19. Ráma rejoined:—That of course cannot be admissible and reliable as true, which is liable to objection and exception; the sight of a dream is but momentary and falsified upon our waking; wherefore it cannot be alike to the waking state.

20. Vasishtha replied:—The disappearance of the dreamed objects upon waking, does not prove their falsity, nor make any difference between the two states of dreaming and waking; because the objects which one sees in his dream, are like those that a traveller sees in foreign country, which are lost upon his return to his own country, and the sights of this are soon lost upon his death. Hence both are true for the time being, and both proved equally false and fleeting at last.

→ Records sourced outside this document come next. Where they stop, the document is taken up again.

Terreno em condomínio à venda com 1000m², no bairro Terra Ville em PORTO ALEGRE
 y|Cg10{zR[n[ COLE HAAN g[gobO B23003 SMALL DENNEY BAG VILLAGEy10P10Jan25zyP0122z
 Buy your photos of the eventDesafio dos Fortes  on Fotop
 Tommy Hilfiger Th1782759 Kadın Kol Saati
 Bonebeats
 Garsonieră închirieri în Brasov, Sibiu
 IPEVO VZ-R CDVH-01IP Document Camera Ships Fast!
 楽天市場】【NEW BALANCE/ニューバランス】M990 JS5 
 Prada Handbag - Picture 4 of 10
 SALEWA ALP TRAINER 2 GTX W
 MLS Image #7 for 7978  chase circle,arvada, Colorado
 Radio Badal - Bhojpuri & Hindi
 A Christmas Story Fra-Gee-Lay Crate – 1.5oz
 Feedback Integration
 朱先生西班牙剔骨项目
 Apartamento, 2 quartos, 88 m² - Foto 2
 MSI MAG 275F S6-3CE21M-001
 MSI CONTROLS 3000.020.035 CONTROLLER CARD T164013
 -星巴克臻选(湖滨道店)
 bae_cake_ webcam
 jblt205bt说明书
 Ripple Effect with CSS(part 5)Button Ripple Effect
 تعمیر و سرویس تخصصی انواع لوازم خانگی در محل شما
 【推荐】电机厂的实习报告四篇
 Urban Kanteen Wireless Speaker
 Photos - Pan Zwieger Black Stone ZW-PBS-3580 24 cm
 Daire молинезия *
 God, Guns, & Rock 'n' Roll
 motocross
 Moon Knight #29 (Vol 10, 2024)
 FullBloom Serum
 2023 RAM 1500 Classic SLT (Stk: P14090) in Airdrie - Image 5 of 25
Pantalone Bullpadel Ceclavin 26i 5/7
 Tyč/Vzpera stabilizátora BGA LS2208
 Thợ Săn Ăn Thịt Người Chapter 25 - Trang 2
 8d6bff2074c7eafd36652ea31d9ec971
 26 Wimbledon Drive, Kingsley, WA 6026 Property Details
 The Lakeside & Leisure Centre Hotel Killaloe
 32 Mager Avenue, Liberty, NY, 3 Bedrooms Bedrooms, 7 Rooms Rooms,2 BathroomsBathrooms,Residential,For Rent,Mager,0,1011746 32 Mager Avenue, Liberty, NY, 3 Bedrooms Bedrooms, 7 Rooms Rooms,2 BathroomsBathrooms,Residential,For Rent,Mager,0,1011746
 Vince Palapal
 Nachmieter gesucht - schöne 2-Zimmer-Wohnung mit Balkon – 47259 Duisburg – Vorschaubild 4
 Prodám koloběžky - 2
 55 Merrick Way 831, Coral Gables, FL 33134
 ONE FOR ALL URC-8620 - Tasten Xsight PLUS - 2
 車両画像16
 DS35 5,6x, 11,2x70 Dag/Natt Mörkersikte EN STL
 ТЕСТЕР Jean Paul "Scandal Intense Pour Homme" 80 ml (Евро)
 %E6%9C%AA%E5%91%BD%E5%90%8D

21. A man being dead, he is separated from his friends, as from those he sees in his dream; and then the living is said to be awakened, as when a sleeper awakes from his slumber.

22. After seeing the delusions of the states of happiness and misery, and witnessing the rotations of days and nights, and feeling many changes, the living soul at last departs from this world of dreams.

23. After the long sleep of life, there comes at last an end of it at last; when the human soul becomes assured of the untruth of this world, and that the past was a mere dream.

24. As the dreamer perceives his death in the land of his dream, so the waking man sees his waking dream of this world, where he meets with his death, in order to be reborn in it and to dream again.

25. The waking beholder of the world, finds himself to die in the same manner in his living world; where he is doomed to be reborn, in order to see the same scenes and to die again.

26. He who finds himself to die in the living world in his waking state, comes to revisit this earth, in order to see the same dreams, which he believed to be true in his former births. (Hence the sleeping and waking dreams, that view the same things over again, are both alike).

27. It is the ignorant only, that believe their waking sights as true; while it is the firm conviction of the intelligent, that all these appearances are but day dreams at best.

28. Taking the dreaming state for waking, and the waking one for dreaming, are but verbal distinctions implying the same thing; as life and death are meaningless words for the two states of the soul, which never born nor died.